▶ _Problem statement_
Each and every line below goes into your answer unchanged, but leave out the images.

▶ _Source material_

*** Block opens ***

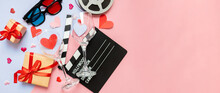 Beautiful Composition With Hearts, Movie Clapperboard, Valentines Day Style Gifts On Blue And Pink Background. Movie Night Concept. Love Date For Two. Copy Space. Flat Lay. Top View.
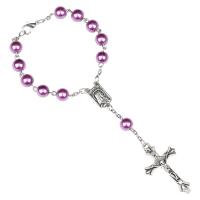 Glass Pearl Pray Beads Bracelet, with Zinc Alloy, with 3.5inch extender chain, Cross, silver color plated, Unisex & Christian Jewelry 8mm Approx 7 Inch 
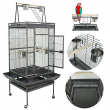 68" Large Bird Pet Cage Large Play Top Parrot Finch Cage Macaw Cockatoo 3 Doors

*** Block closes ***

▶ _Response_
 Beautiful Composition With Hearts, Movie Clapperboard, Valentines Day Style Gifts On Blue And Pink Background. Movie Night Concept. Love Date For Two. Copy Space. Flat Lay. Top View.
 Glass Pearl Pray Beads Bracelet, with Zinc Alloy, with 3.5inch extender chain, Cross, silver color plated, Unisex & Christian Jewelry 8mm Approx 7 Inch 
 68" Large Bird Pet Cage Large Play Top Parrot Finch Cage Macaw Cockatoo 3 Doors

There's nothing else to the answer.